Wanted to benchmark the iPhone in a "worst case" scenario, so I tweaked bunnymark to use a different texture for each bunny, and therefore bypass batching.
0 bunnies = 60 FPS 30 bunnies = 55 FPS 60 bunnies = 30 FPS
30 bunnies and already 60 FPS is not possible.
Yes, doesn't look good. Same data for Metal, OpenGL and Safari please (the bunny-fps numbers and the profiling data).
Metal:
0 bunnies = 60 FPS 30 bunnies = 55 FPS 60 bunnies = 30 FPS

OpenGL:
0 bunnies = 60 FPS 30 bunnies = 25 FPS 60 bunnies = 10 FPS

Safari:
0 bunnies = 60 FPS 30 bunnies = 57 FPS 60 bunnies = 31 FPS
Safari seems to be on par with Metal.
Thanks, that's useful data. Strange though as the OpenGL code is the same on all platforms and tends to beat the competition. Will spend some time with my iPad during the weekend.
@Joncom do you tested custom bunnymark bench with other platforms, like android-native/macos?
@RblSb
android-native (Samsung Galaxy S6):
0 bunnies = 60 FPS 30 bunnies = 60 FPS 60 bunnies = 60 FPS 150 bunnies = 60 FPS 170 bunnies = 55 FPS 200 bunnies = 40 FPS
OSX (MacBook Air, i7-4650U, 8 GB RAM):
0 bunnies = 60 FPS 30 bunnies = 60 FPS 60 bunnies = 60 FPS 300 bunnies = 60 FPS 350 bunnies = 50 FPS
I think I found the cause and the fix is in https://github.com/Kode/Kha/commit/23029d14221f388c9b9e490831670aabd4098172 - still have to test on iOS and port to the different backends though.
Would testing iOS be as simple as checking out that “js_compat” branch and doing an iOS kha-make?
No, the js_compat branch is not fit for general consumption, sorry. Also need to adapt the code changes to Metal.
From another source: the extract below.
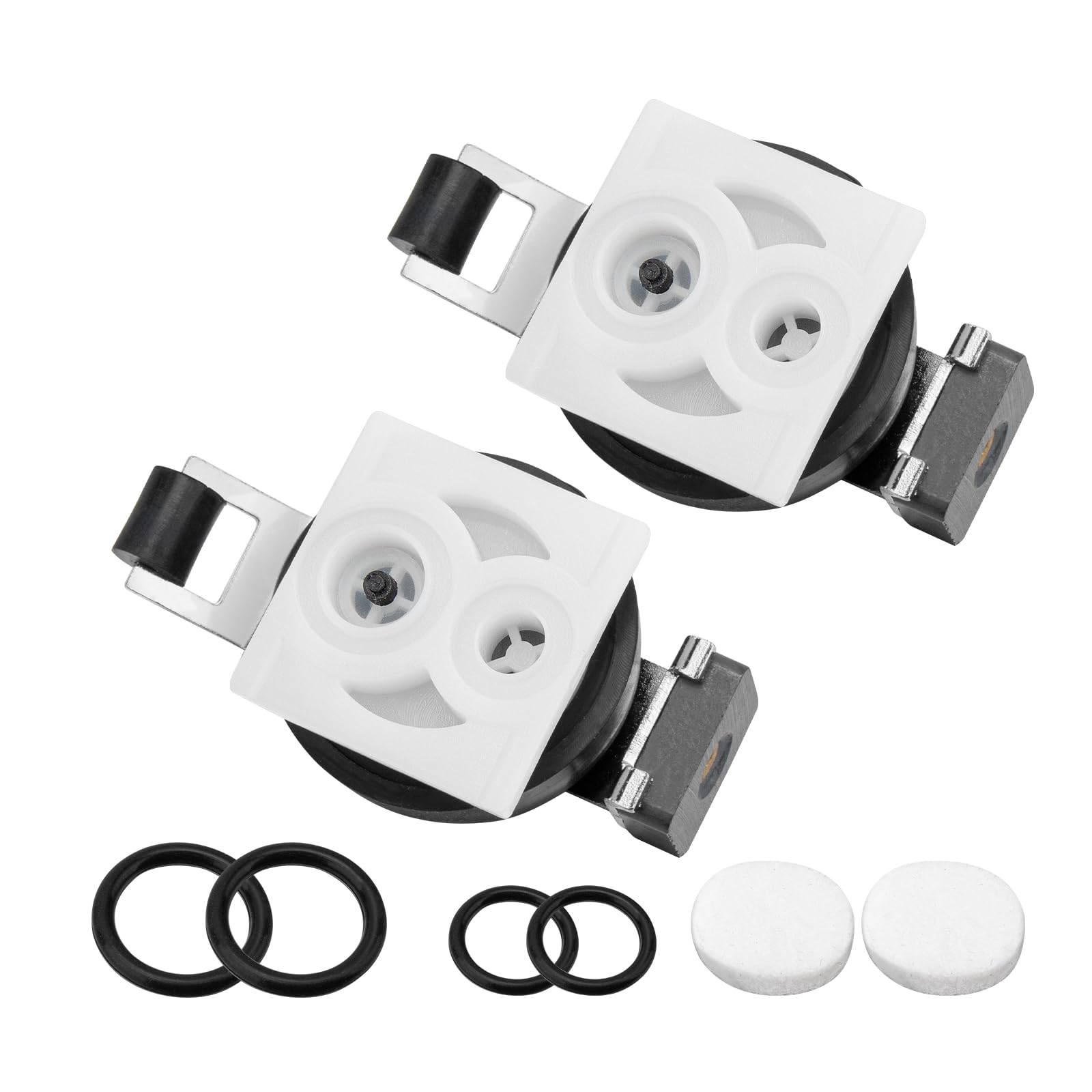 Kit de réparation de pompe à air Tetra Whisper 60/100, lot de 2 pièces 75077878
@RobDangerous, is this the file that the Metal changes need to be adapted into?
Yes, needs a second unlock implementation which takes a count parameter. Not sure I merged everything that's needed from the jscompat branch though. I can merge in the evening (sorry for things taking so long, there's still that crazy project which I have to finish ASAP).
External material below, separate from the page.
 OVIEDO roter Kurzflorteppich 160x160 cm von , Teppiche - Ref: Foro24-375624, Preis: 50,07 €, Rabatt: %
https://github.com/Kode/Kore/commit/cc386d384fc8f570650bc1536db2ac2c60cf5944
Does this mean the fix is now implemented on iOS?
Hi @RobDangerous. Hope all is well. Was just wondering if you've had any time/luck with this one?
Ah, yes. I merged the things and it turned out that helped with everything but with Metal on iOS. So ironically OpenGL on iOS might be faster now. So still more to do.